“One of the Most Painful Encounters”: Pope Leo Orders Spanish Bishops to Face Abuse Survivors, Demands Reparations
MADRID – In a stunning and direct address to Spain’s Catholic bishops on Monday, Pope Leo broke his silence on the clerical abuse scandals that have corroded the Church’s moral authority, demanding that church leaders not only listen to survivors but offer them tangible reparations. Speaking during his first papal trip to a European Union nation outside Italy, the first American pope did not mince words. “One of the most painful encounters is with those who have been wounded precisely by those who were supposed to care for them, including members of the clergy,” Leo told the gathered bishops. He called on the ecclesial community to respond with “listening, truth, justice, reparation and an ever more determined commitment to prevention.” The remarks mark the pope’s most forceful intervention yet on an issue that has followed him from the United States to the Vatican—and now to a country where a 2023 report estimated hundreds of thousands of victims of clerical abuse over decades.

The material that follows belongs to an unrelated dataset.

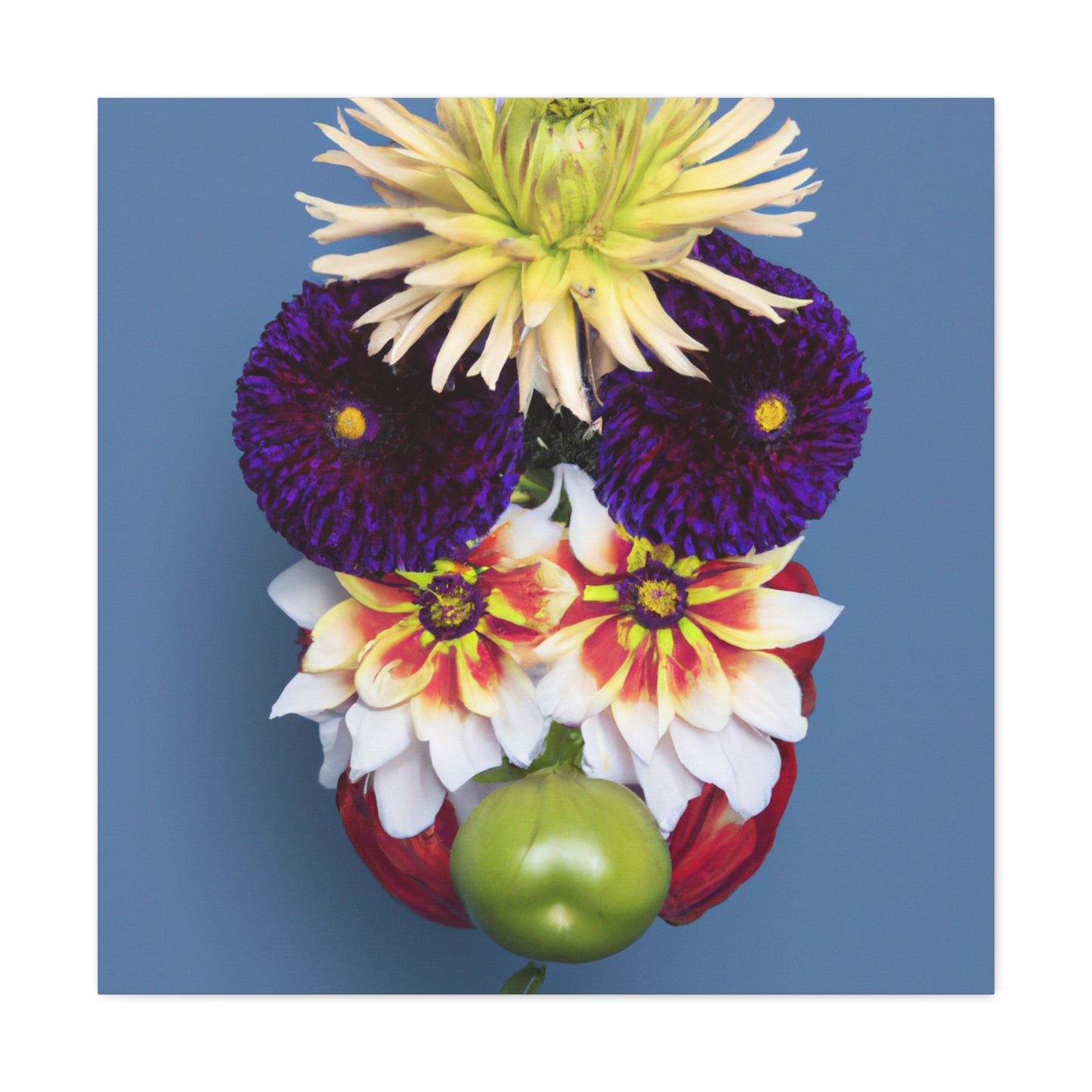 "Jeff Koons-Inspired Flower Canvas Prints" by PenPencilArt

Leo’s admonition lands as Spain’s Church still reels from that devastating ombudsman’s report, which echoed global scandals that have cost the Church hundreds of millions of dollars in settlements. While the Vatican has confirmed the pope will meet with a group of abuse survivors during his week-long tour, no further details have been released—leaving victims’ advocates watching closely. “Faced with this scourge,” Leo said, the Church must build a “culture of care” and strengthen safeguarding measures for children and the vulnerable. For Spanish Catholics, the pope’s words are a long-awaited reckoning; for the bishops seated before him, they are an unmistakable order: listen, repair, or lose what little credibility remains.